Aunque el programa «Thrive for Life» (Prosperar por la vida) es apoyado por el Arzobispado de la Iglesia Católica de Nueva York, no se exigen creencias religiosas concretas para acogerse a él, como tampoco se exige una edad mínima o máxima.
Nadie les juzga, en una sociedad donde haber estado preso sigue siendo un estigma. Sólo cuenta su deseo de cambiar y compromiso de cumplir las metas, tras lo cual continúan sus vidas de forma independiente.
«Este lugar es el único en el país de vivienda para expresos con este formato» de estudios y apoyo, comentó a Efe el sacerdote jesuíta Zach Presutti, que fundó en 2017 el programa.

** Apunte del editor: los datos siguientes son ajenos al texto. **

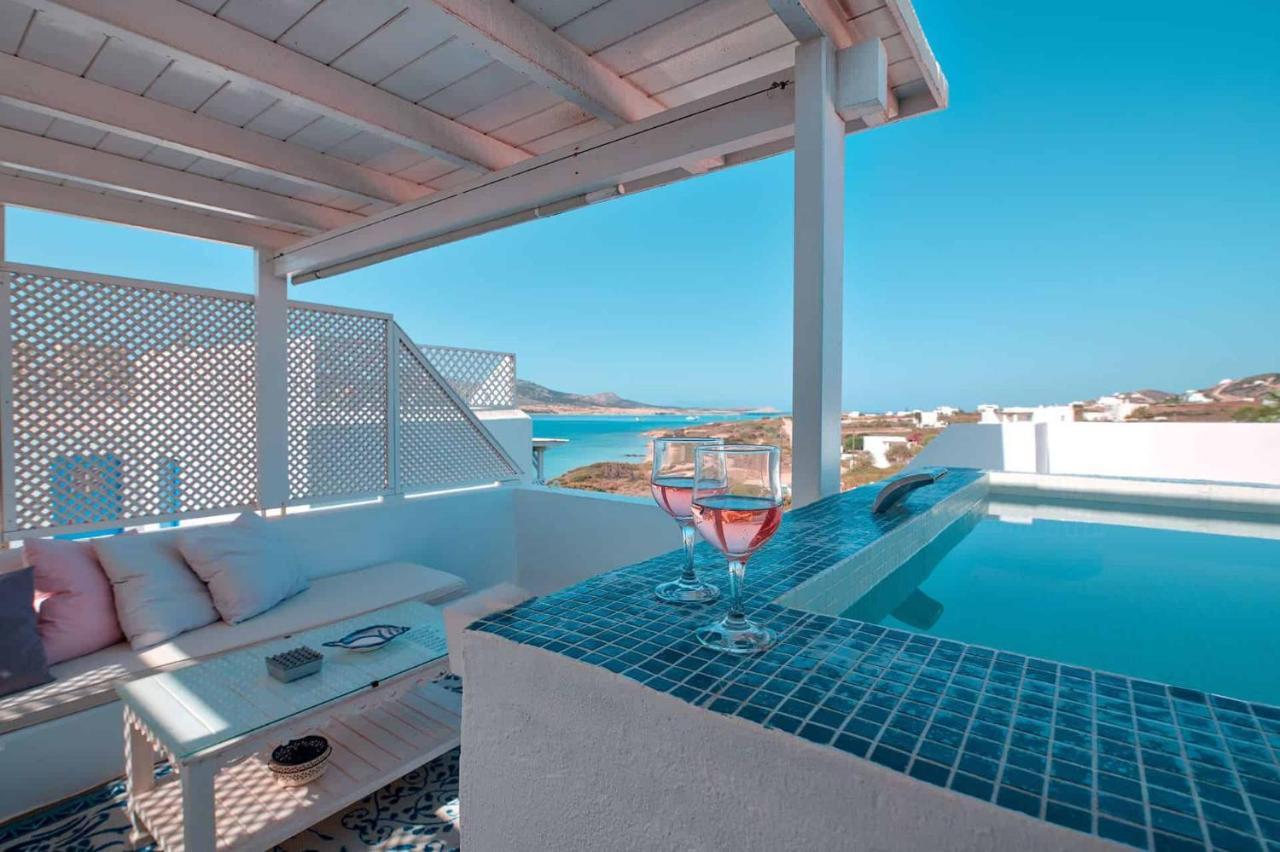 Blue Dolphin Antiparos Villas And Suites Agios Georgios  Eksteriør bilde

En 2019 abrió la primera Casa de Estudios Ignacio en El Bronx con 13 exreos que decidieron iniciar una nueva vida a través de la educación, con becas de conocidas universidades.

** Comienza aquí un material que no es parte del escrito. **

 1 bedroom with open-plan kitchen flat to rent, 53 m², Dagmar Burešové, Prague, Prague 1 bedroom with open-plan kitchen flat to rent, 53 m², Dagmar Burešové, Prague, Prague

Una pieza clave en Casa Ignacio es la monja Katie Sitja y Balbastro, religiosa de la congregación Hermanas del Inmaculado Corazón de María (IHM), una argentina dedicada a una de las poblaciones más marginadas y que en este momento supervisa la remodelación del nuevo hogar de Casa Ignacio, con espacio para 15 exreos.
ENTRÓ EN LA CÁRCEL CON 15 AÑOS, SALIÓ CON 41
Roberto es uno de ellos y llegó a Nueva York hace sólo un mes. Estuvo preso 26 años, parte de una sentencia de 45 en California, donde le juzgaron como adulto a los 15 años. Era pandillero y fue condenado por la muerte de una persona asesinada por su pandilla.
Fue en la prisión donde conoció al padre Presutti, al que considera «un hermano» que le invitó a Nueva York.
«Yo era pandillero y California me sentenció como adulto. Era una vida muy peligrosa. Estuve en el hoyo (confinamiento solitario) veinte años porque hacía cosas muy malas… me dijeron que iba a morir en la cárcel», dijo en Casa Ignacio.
Recordó que una película que vio en prisión, sobre la vida de Jesús, le hizo reflexionar sobre su vida, pero también le trajo problemas con su propia pandilla.
«Cuando vi la película me cambió, yo miraba (reflexionaba) que todas las cosas que hacía eran malas…. Oía una voz…, pero yo era pandillero, no sabía hacer nada más», indicó Roberto, que siempre tuvo interés en la pintura, única actividad que le permitía no enloquecer en prisión.
A falta de materiales, cortó su cabello que usó como pincel y con mucha paciencia sustrajo los colores de las páginas de una revista y de la envoltura de dulces que usó como pintura.